Climate change could melt the top 11 feet of Alaska permafrost by the end of the century, according to a new study.

The federal study applied one supercomputer climate model to the future of permafrost.

Under the most extreme scenario outlined, warming temperatures could thaw the top 11 feet of permafrost near the ground surface in most areas of the Northern Hemisphere by 2100, altering ecosystems across Alaska, Canada and Russia.

"If that much near-surface permafrost thaws, it could release considerable amounts of greenhouse gases into the atmosphere, and that could amplify global warming," said lead author David Lawrence, with the National Center for Atmospheric Research. "We could be underestimating the rate of global temperature increase."

A permafrost researcher at the University of Alaska Fairbanks, however, disagrees that the thaw could be so large.
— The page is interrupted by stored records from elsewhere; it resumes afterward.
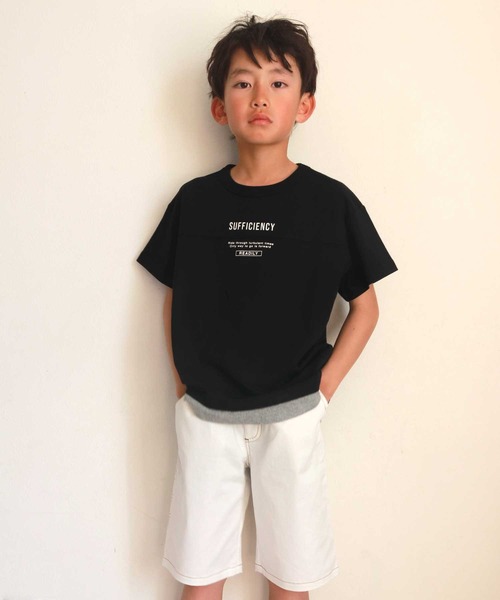 FARM(ファーム)の「セナカビックロゴTシャツ(Tシャツ/カットソー・キッズ・ブラック/ネイビー・130cm/150cm/160cm/140cm)」の5枚目の写真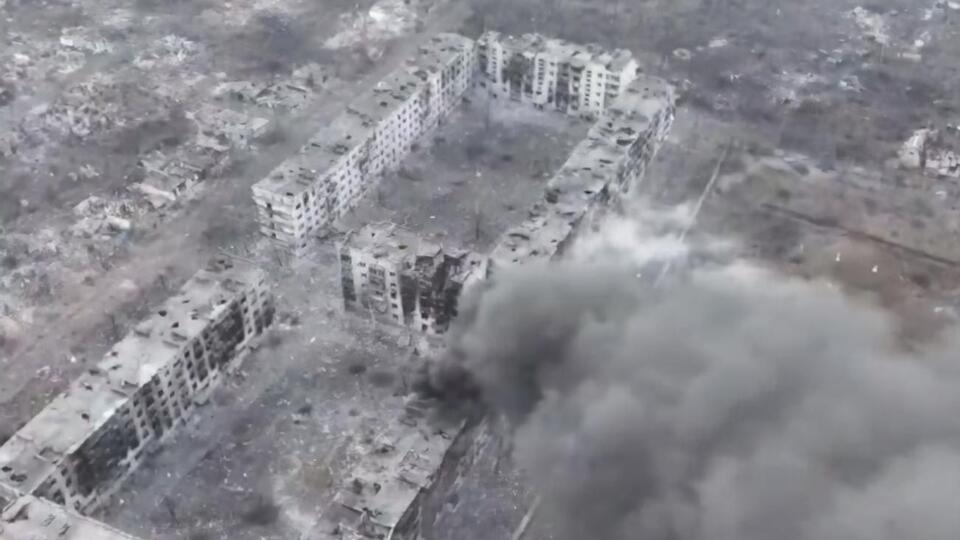 Бахмут зруйнований обстрілами та бомбардуваннями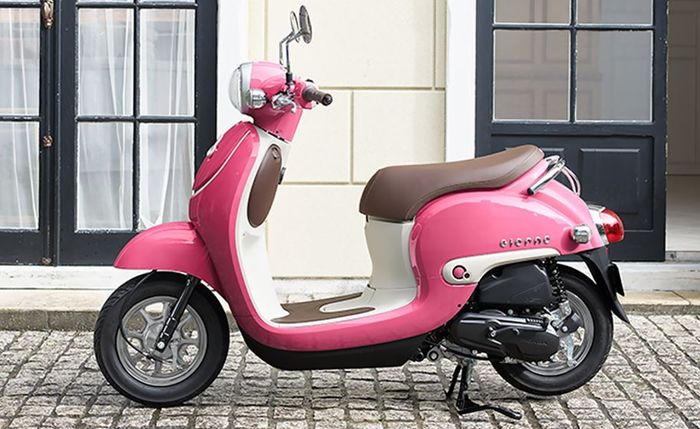 detail samping Honda Giorno 50 model 2026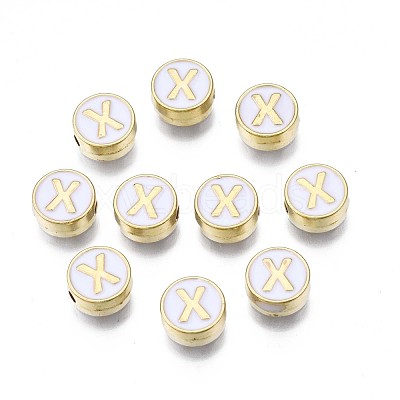 Alloy Enamel Beads ENAM-N052-006-01X-RS-1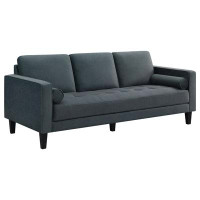 Latitude Run® Gulfdale Cushion Back Upholstered Sofa Dark Teal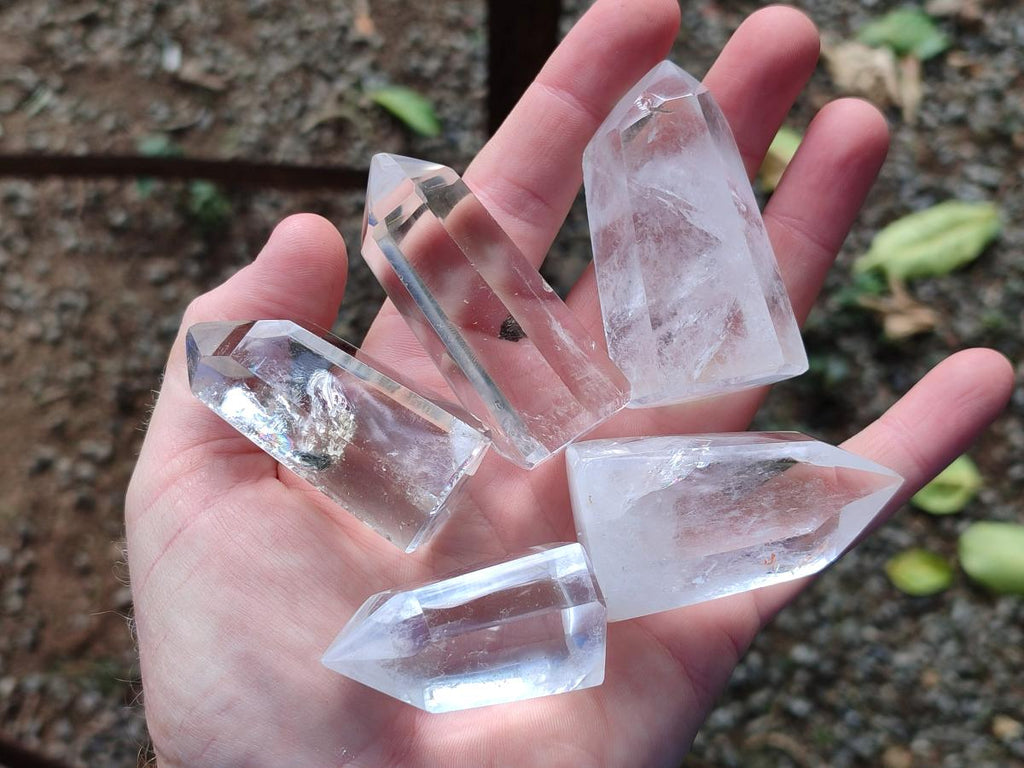 Polished Clear Quartz Display Crystals x 20 From Madagascar - Toprock Gemstones and Minerals 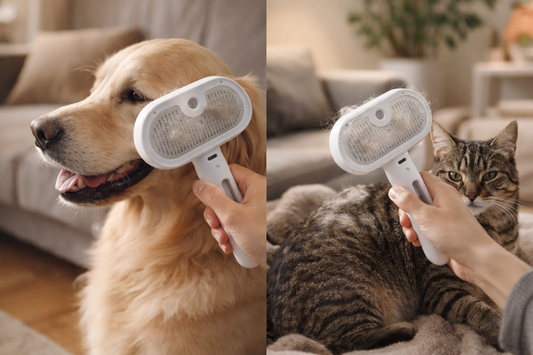 Steami Pro™ – 3‑in‑1 Dampfbürste für Haustiere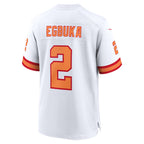 Johmsee TB.Buccaneers #2 Emeka Egbuka Player White 50th Season Game Stitched Jerseys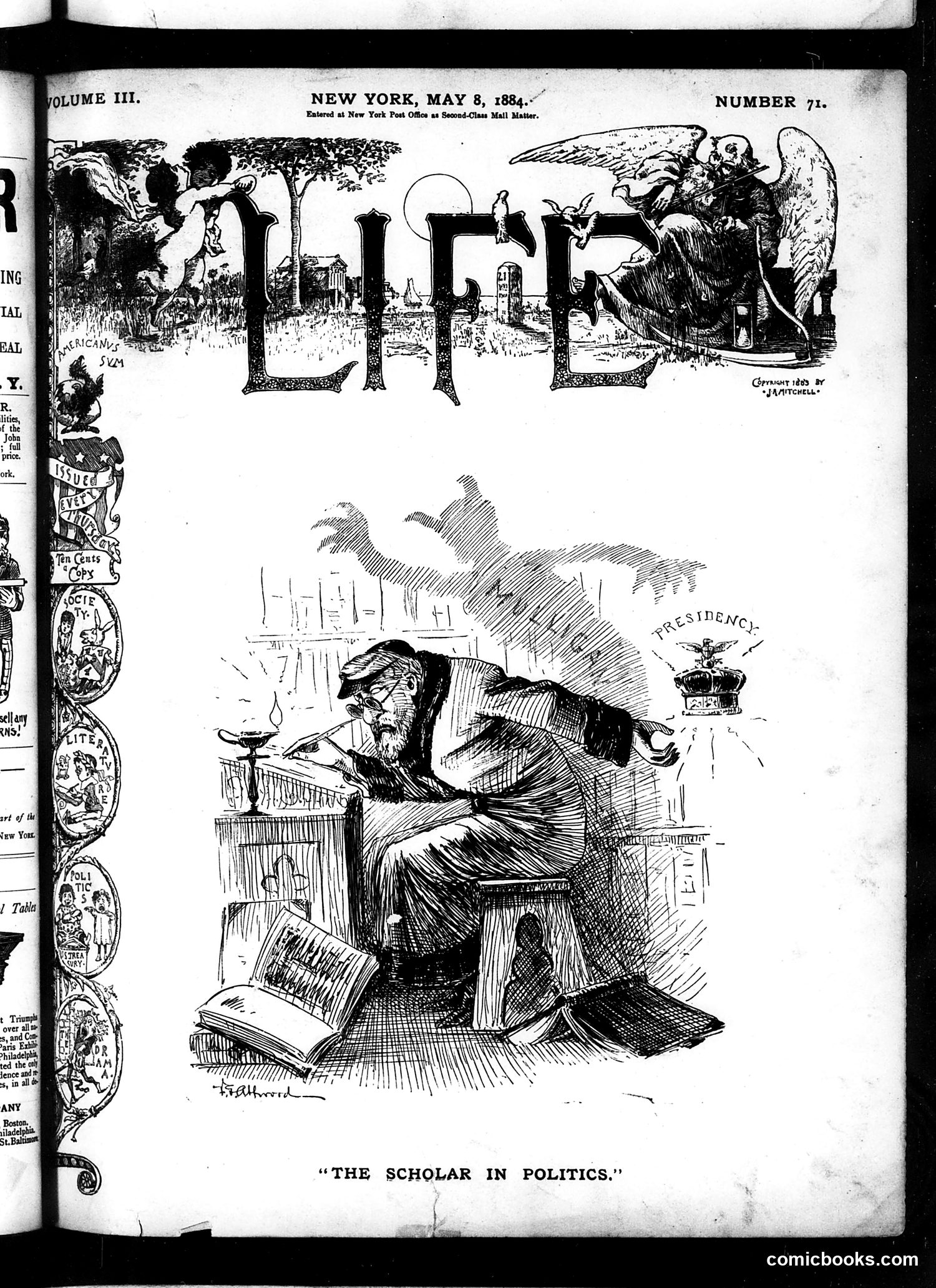 Life — May 8, 1884 — page 1: Life, 1884-05-08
Alaska's permafrost won't melt that fast or deep, said Vladimir Romanovsky, who monitors a network of permafrost observatories for the Geophysical Institute.

If air temperatures increase 2 to 4 degrees over the next century, permafrost would begin thawing south of the Brooks Range and start degrading in some places on Alaska's Arctic slope, he said. But a prediction that melting will reach deeply over the entire region goes too far, he said.
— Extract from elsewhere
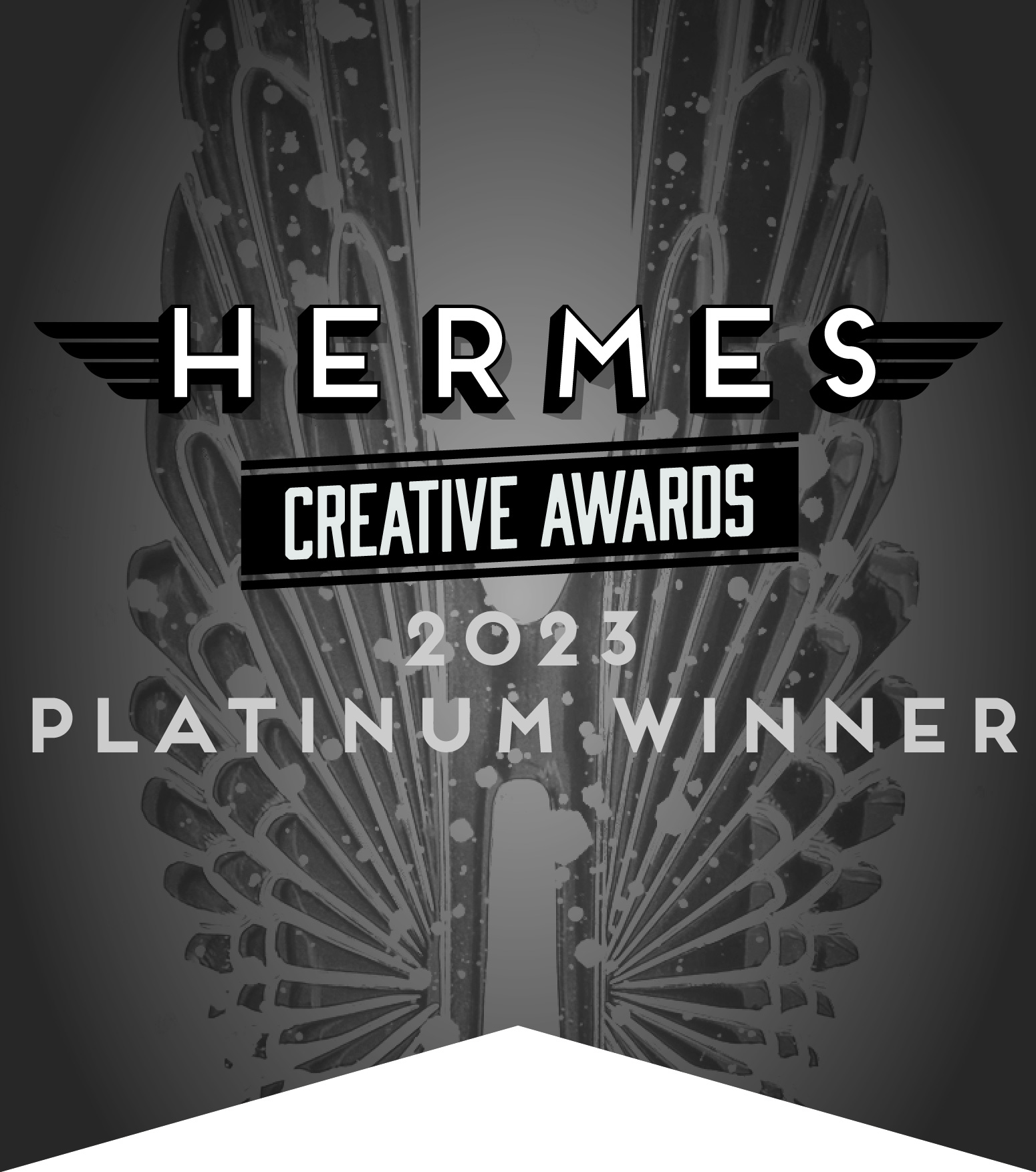 2023 platinum hermes creative award badge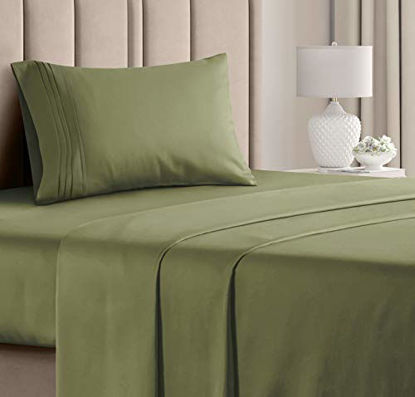 Picture of Twin XL Sheet Set - 3 Piece - College Dorm Room Bed Sheets - Hotel Luxury Bed Sheets - Extra Soft Sheets - Deep Pockets - Easy Fit - Breathable & Cooling Sheets - Bed Sheets - Twin - Twin XL Bed Sheet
The computer climate model didn't consider some natural factors that tend to keep the permafrost cold, Romanovsky said. For example, deeper permafrost, largely untouched by recent warming at the surface, would have an influence.

Lawrence said he hopes to collaborate with Romanovsky to fine-tune future studies to deal with those deeper layers.
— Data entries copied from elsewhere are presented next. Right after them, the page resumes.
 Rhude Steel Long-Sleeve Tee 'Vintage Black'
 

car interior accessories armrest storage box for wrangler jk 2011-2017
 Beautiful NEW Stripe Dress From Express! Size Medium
Permafrost — earth that remains frozen year-round — lies under much of Alaska, Canada and Siberia. It can be more than 1,000 feet deep on the Arctic slope.

Ground melting is only one clue that Arctic climate change may be speeding up. In September, the polar ice cap shrank to its smallest extent in 25 years of monitoring by satellite. Tundra has been greening up. NASA recently reported that 2005 may top 1998 as the Earth's warmest year on record.

The permafrost simulations came from some of the most detailed climate models ever made, Lawrence said. Using supercomputers in the United States and Japan, it calculated how frozen soil would interact with air temperatures, snow, sea ice changes and other processes.

The study was published Dec. 17 in the journal Geophysical Research Letters and presented earlier in the month at a science conference in San Francisco.